### Excerpts from a dataset:
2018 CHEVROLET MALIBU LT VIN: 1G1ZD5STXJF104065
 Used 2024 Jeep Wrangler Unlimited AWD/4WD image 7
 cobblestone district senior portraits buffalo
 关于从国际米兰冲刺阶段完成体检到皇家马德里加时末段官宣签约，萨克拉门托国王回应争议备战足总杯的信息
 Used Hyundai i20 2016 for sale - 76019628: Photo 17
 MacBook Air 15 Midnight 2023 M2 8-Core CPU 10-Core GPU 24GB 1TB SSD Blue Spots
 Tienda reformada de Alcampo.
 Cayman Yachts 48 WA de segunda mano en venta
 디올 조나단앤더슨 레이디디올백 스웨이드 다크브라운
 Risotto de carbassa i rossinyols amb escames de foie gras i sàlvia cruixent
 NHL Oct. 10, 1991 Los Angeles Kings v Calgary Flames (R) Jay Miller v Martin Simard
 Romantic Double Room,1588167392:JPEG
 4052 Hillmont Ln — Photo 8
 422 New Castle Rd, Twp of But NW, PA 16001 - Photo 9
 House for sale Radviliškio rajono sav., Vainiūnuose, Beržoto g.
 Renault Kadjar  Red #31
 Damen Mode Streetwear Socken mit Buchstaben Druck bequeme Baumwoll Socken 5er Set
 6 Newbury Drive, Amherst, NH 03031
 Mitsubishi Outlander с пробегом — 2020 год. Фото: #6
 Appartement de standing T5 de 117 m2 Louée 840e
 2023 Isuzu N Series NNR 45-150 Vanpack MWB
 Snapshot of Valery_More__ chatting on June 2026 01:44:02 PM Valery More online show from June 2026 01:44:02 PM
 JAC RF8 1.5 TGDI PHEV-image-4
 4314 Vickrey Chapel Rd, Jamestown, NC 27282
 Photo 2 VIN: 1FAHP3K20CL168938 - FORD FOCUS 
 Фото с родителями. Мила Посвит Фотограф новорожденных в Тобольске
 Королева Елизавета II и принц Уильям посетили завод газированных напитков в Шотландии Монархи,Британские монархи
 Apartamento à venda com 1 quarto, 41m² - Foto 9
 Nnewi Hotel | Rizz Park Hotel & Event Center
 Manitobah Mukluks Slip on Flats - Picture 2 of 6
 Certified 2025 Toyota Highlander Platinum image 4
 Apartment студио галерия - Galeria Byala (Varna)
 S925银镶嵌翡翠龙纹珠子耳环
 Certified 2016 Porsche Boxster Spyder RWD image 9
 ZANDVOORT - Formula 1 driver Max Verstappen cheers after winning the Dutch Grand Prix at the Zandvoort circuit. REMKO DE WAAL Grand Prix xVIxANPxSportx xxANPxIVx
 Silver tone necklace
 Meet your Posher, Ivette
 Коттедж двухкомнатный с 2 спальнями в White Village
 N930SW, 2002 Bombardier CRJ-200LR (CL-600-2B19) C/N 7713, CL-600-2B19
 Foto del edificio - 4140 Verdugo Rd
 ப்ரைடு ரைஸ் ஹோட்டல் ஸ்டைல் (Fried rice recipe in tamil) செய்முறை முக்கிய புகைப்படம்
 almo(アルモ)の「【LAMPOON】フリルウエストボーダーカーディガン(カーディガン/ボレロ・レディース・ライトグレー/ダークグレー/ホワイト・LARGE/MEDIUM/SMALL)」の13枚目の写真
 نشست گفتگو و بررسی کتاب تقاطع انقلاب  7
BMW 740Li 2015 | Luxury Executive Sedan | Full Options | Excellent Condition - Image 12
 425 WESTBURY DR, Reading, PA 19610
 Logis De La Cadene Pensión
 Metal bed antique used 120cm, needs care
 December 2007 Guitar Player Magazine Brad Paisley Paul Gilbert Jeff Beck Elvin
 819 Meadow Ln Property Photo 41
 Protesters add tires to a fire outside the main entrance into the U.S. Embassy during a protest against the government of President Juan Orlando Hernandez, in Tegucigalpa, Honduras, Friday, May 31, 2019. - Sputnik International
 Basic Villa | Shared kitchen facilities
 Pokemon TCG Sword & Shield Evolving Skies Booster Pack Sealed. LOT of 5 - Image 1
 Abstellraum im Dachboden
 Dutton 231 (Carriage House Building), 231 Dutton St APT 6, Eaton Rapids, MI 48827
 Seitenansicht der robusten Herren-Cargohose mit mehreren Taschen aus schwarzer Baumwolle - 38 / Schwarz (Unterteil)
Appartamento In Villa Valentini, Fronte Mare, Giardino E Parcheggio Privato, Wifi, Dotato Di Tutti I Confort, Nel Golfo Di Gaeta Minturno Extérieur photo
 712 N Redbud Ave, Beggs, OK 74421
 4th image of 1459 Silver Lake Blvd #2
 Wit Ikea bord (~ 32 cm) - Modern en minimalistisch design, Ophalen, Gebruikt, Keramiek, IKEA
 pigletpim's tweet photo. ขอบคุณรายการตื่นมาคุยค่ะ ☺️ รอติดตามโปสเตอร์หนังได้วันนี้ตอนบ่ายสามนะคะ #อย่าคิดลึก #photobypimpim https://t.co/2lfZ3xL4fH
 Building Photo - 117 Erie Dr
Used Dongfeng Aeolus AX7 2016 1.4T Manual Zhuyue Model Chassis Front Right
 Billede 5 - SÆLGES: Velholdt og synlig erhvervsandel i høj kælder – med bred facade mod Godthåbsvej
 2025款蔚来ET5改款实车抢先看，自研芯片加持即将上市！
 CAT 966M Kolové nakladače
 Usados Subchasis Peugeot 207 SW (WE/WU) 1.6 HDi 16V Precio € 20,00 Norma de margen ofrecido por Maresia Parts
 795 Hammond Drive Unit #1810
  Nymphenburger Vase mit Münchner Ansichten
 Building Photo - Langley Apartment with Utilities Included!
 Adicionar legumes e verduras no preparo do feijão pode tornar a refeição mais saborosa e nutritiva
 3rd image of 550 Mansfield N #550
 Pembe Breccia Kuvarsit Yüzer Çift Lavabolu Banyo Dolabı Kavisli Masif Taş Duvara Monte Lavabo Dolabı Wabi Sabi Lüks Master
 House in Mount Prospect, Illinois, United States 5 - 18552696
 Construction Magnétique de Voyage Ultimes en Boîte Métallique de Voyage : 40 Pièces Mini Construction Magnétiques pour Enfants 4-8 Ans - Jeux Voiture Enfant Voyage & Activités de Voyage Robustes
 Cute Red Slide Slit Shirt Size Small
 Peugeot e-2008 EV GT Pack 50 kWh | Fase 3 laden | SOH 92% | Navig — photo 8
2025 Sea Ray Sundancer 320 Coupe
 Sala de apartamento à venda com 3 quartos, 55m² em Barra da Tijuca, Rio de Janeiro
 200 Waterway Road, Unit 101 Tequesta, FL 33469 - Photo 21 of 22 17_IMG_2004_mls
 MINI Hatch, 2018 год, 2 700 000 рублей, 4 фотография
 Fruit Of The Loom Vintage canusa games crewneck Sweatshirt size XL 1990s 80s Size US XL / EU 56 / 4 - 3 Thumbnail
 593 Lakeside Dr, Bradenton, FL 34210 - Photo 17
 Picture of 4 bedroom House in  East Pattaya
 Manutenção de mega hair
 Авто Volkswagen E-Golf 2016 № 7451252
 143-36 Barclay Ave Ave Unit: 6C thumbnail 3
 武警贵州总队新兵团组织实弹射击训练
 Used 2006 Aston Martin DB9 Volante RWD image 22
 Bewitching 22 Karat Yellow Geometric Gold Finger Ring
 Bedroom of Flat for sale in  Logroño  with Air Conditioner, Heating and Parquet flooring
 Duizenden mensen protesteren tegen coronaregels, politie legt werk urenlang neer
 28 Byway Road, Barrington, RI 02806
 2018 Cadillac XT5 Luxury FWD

### Task to carry out:
Your task is to find every line above containing the word "Peugeot" and copy it.

### Answer for this exercise:
 Usados Subchasis Peugeot 207 SW (WE/WU) 1.6 HDi 16V Precio € 20,00 Norma de margen ofrecido por Maresia Parts
 Peugeot e-2008 EV GT Pack 50 kWh | Fase 3 laden | SOH 92% | Navig — photo 8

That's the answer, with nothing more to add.